Open this notebook in [Callysto](https://hub.callysto.ca/jupyter/hub/user-redirect/git-pull?repo=https%3A%2F%2Fgithub.com%2Fmagriffin%2Fmicrobit_data&branch=main&subPath=MicroBit_Data.ipynb&depth=1) or [Colab](https://githubtocolab.com/magriffin/microbit_data/blob/main/MicroBit_Data.ipynb).

## Program Setup

This first code block may have to be run if these libraries haven't already been installed. Once this has been done once, it will never have to be done again. You can skip it for now, but if you get an error message related to a library not being installed, go ahead and run it.

In [None]:
%pip install pandas -q
%pip install plotly_express -q

## Introduction

**Micro:bit Data**

In this lesson, we will use what we've learned about getting data from a Google Sheets file, but this time populate that sheet with data that we collect from a micro:bit.

The micro:bit can export its data to a CSV file, which we will then import into a Google Sheet so we can bring it into our notebook. [Click here](https://docs.google.com/presentation/d/1xVEAijLUl99E8X1k6doY0j9ZQ5tX2upGuEF4sPgJozQ/edit#slide=id.g25d2556132a_0_263) for a quick overview on the basics of collecting, exporting, and importing data with a micro:bit.

In [None]:
# import plotly.express and pandas
import plotly.express as px
import pandas as pd

As a reminder, when we configure the URL of the Google Sheet, we make a change at the end, like this:

If the URL is

https://docs.google.com/spreadsheets/d/1G-GpXmgoIY0xk4w_ijGyAAWY0lb_kV_9kJY7py1wgzg/edit#gid=0

we change the last part after the last slash (/) to export?format=csv:

https://docs.google.com/spreadsheets/d/1G-GpXmgoIY0xk4w_ijGyAAWY0lb_kV_9kJY7py1wgzg/export?format=csv

We then treat the Google Sheet like a CSV file.

In [None]:
# Google Sheet URL variable, with modified /export?format=csv ending
url = 'https://docs.google.com/spreadsheets/d/1Ix1ZT46jKOTtP21Xjl-9zPPl_FE2lUvdjZfhERtZK0U/export?format=csv'

# Read the Google Sheet into a DataFrame named df
# Note we are using the url variable
df = pd.read_csv(url)

display(df)

The dataset above displays three columns. The first, time, is not useful to us, but we do need a name for our data visualization, so we'll replace all values with our name. The second represents the distance from which I shot, and the third represents whether I got the shot in (1 for TRUE, 0 for FALSE).




## Cleaning the Data

There are few things we should do to make our data a little easier to work with.

1) We have a row we don't need at the top (it's exported automatically from makecode).
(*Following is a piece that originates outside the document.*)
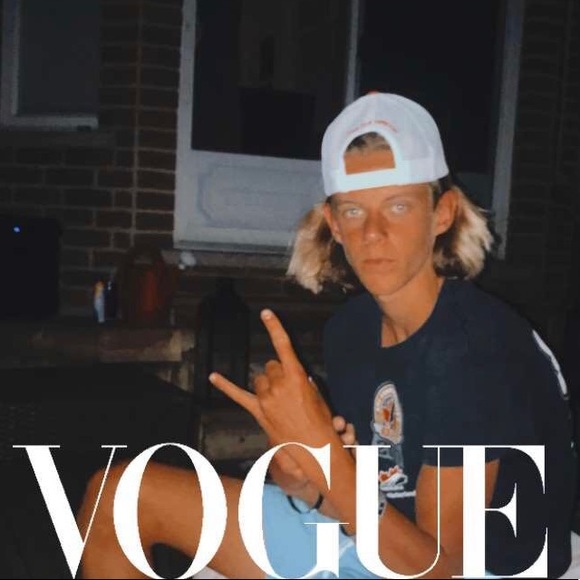 Profile Picture of Joel Apthorp (@joelapthorp) on Poshmark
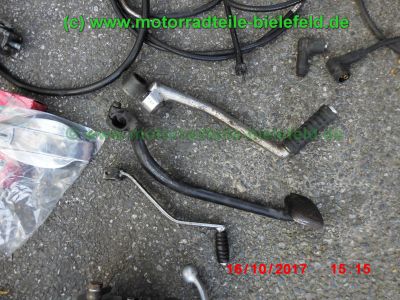 Yamaha_XS400_2A2_zerlegt_2x_SOHC_Motor_Koffertraeger_Gepaecktraeger_-_Teile_Ersatzteile_parts_spares_spare-parts_ricambi_repuestos_wie_3N7_4G5_XS_250_360_1U4_1U5-98.jpg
First we'll drop that row.

2) We also don't need to know the time, but as we mentioned, we'll replace those values with our name.

3) We'll rename our columns so they are easier to work with. Especially the g-force column, which doesn't have a name at all!

In [None]:
# Drop the first row
df = df.drop(0)

# Rename columns
df.columns = ['name','distance', 'make_miss']

# Convert values in 'name' to my name (change to yours for your version!)
df['name'] = 'Matt_Griffin'

# Reset the index
df = df.reset_index(drop=True)

display(df)

Now we'll graph our data. We'll use a line graph, since our data is a continual flow of one source of information.

In [None]:
# Create a pivot table to get the count of made and missed shots for each player and distance
pivot_table = df.pivot_table(index=['name', 'distance'], columns='make_miss', aggfunc='size', fill_value=0)

# Calculate the percentage of made shots for each player and distance
pivot_table['Percentage_True'] = (pivot_table['1'] / (pivot_table['1'] + pivot_table['0'])) * 100

# Print the result
# print(pivot_table[['Percentage_True']])

# Reset the index to make 'name' and 'distance' regular columns
pivot_table_reset = pivot_table.reset_index()

# Convert 'distance' to numeric before sorting
pivot_table_reset['distance'] = pd.to_numeric(pivot_table_reset['distance'])

# Plotting the bar graph using Plotly Express
fig = px.bar(pivot_table_reset, x='distance', y='Percentage_True', color='name',
             labels={'x': 'Distance', 'y': 'Percentage of Shots Made'},
             title='Percentage of Shots Made by Distance and Player')

fig.show()